Jon Baker, Graphics Programming

    home

    writings

Voraldo v1.2

The continuation of the Voraldo Interactive Volume (Voxel) Editor project

Recording of GPVM Presentation of v1.2 Features Available Here

Changes and Improvements

  There have been a number of improvements from v1.1 to v1.2 - the details of which will be explained below:

RGB Lighting

  Because running more than one on a page seems to lag, the video at the top autoplays, this starts paused. Pause the top one before playing this if you have any issue.

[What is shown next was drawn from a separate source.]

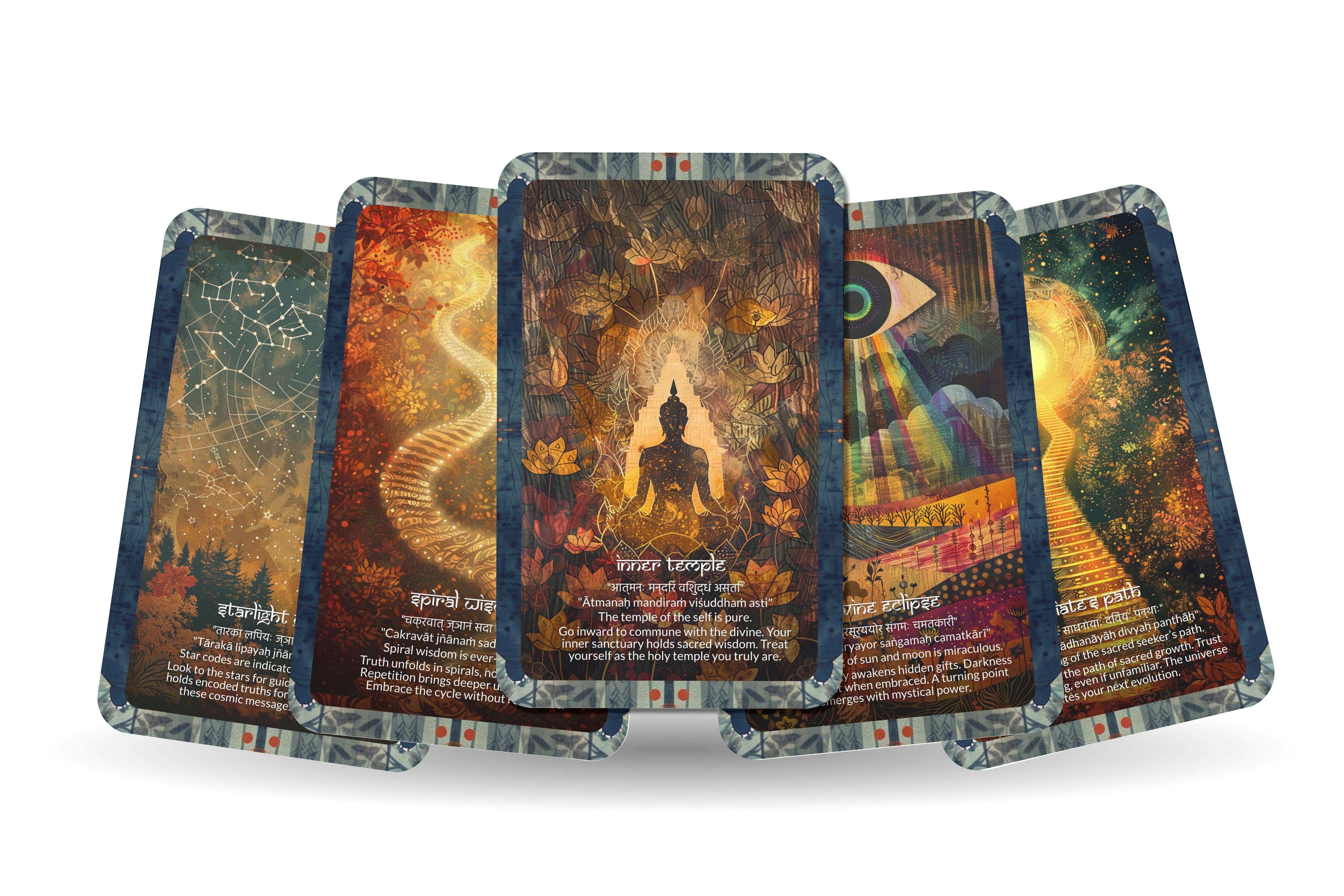 Ibiza Tarot USA - Vente Cartes de tarot - Jeu d'oracle Mystica Mantra Divine Féminin avec 22 cartes7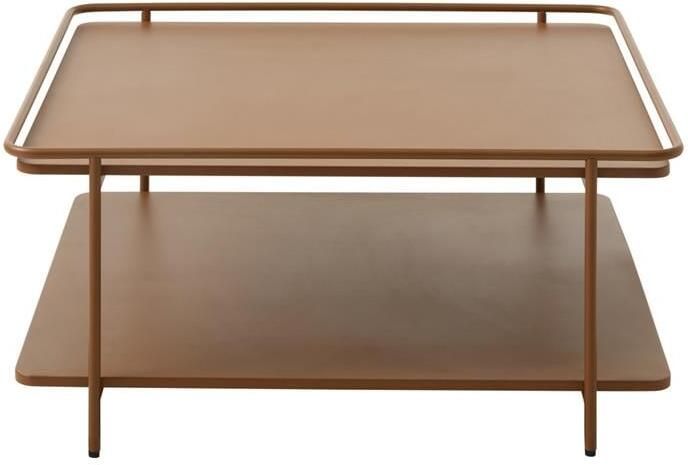 Giga Living Salontafel Oranje Metaal 75x75x34 3cm Yuba - Foto 2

 This has been a major improvement in the possibilities of the types of images you are able to produce with this program. Previously, a single channel was provided for lighting intensity, and that single value uniformly scaled all three components of the color buffer when rendering. Now, there exists indpendent scale factors for each channel. There is still an issue with clipping, which I intend to fix by converting to a floating point texture and removing the 4.0f scale factor that currently exists in the raycast code. This will also require that the tonemapping is moved from the blit shader to the raycast shader, so that it happens before the data has been stored in the render texture. This will fix the issue of the tonemapping creating too dark an image, since I won't have to deal with these values being clamped to the range [0.-1.] when the values are passed through a texture. These changes will be a little complicated, there are a few moving parts - it requires changes in about 6 places in the code.

 UPDATE 3/16: Floating point texture conversion was easier than I expected. It required changing some values in the texture initialization, changing the layout qualifiers for the lighting texture in all the related shaders to rgba16f (there isn't an 8 bit floating point type available for textures from what I can tell), removing the scale factor from the lighting reference in the raycast code, moving the tonemapping from the blit shader to the raycast shader, and a few changes to the layout of the menu. I am still sending vec4's to the GPU - only now, the alpha channel of this value is used as a scale factor for the other three channels, to boost the amount of light you can apply at once. I provide a slider with the range 0.-5., which seems reasonable after some experimentation, but you can enter a larger numerical value if you want. This helps compensate for the removal of the scale factor in the renderer.

Grayscale Masking

8 bit masking

 This has really been a major improvement, and it is fully a superset of the previous masking functionality. Basically, now, instead of a bool which tells whether or not a cell can be written to, there is a value in the range 0-255. This controls the blending of the existing raster data with data which would be applied by subsequent drawing commands. A value of zero indicates that it will be fully overwritten, where a value of 255 indcates that the existing raster data is fully retained. As you can see in the image above, the pieces of XOR texture have been masked to a varying degree, increasing from left to right. When the XOR texture is then overwritten by a drawing operation that puts a low-alpha value all through the volume, you can see the varying degree to which that information is retained. In order to achieve the old functionality, you simply mask with 255 any time you want to mask.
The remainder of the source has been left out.